Pela parte que me toca, irrita-me o Novo Testamento. Prefiro a neurose judaica ao sorriso da Teresa de Calcutá (do que é que ela ri, afinal?).
À Virgem Maria, reputo-a responsável por séculos de prazer subtraído às mulheres; e mesmo a única ideia evangélica na aparência simpática — a de que somos todos irmãos em Deus — subverteu-a o proselitismo: os que negavam o parentesco eram perfilhados à força.
Chegada aqui, não sou cristã mas também não sou ateia. Gosto de me pensar panteísta, à maneira de Espinosa ou de Einstein. Ao ateísmo acho-lhe sobretudo uma falha: empobrece a imaginação. Quanto a acreditar em Deus, lembro a frase de Hemingway, citada pelo escritor Lobo Antunes, quando lhe perguntaram por isso: “Às vezes, à noite, no escuro”.

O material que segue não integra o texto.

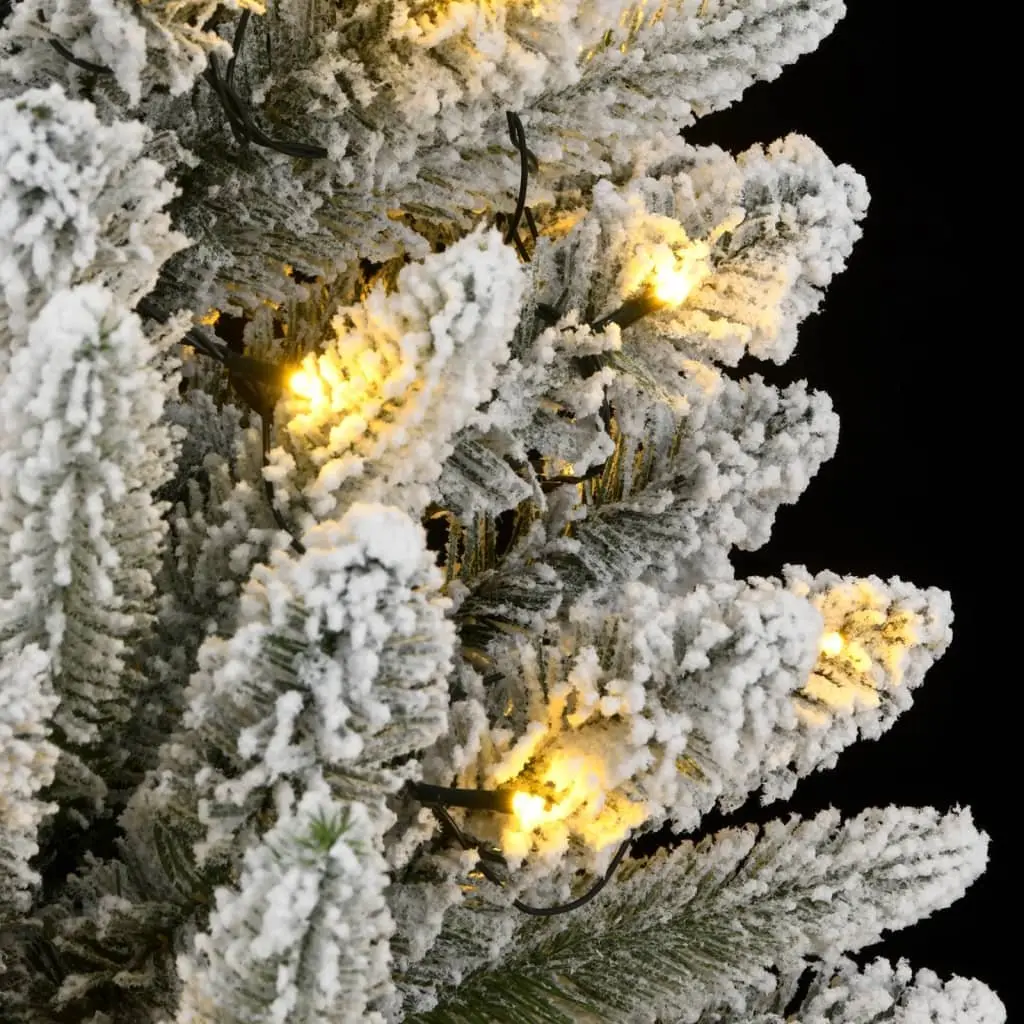 Artificial Christmas Tree Green 120cm 150 LED Lights Flocked Snow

Agora quanto aos pedófilos, é assim. As denúncias são demasiadas, e demasiado graves, para que se possa continuar na lengalenga do costume que todas as classes (???) têm defeitos (???) desse género (???) (em Portugal, ao que parece, a coisa resume-se mesmo ao Frederico da Madeira que bazou para o Brasil).
Não sendo católica, e reconhecendo que as religiões de Deus único não terão trazido assim tanto Bem ao mundo, confesso, porém, que fico um pouco assustada com a hipótese de a Ratzinger sucederem os Bob Proctor. É que o primeiro, ao que dizem, terá de responder ante Deus. O Deus dele. Mas pelo menos isso.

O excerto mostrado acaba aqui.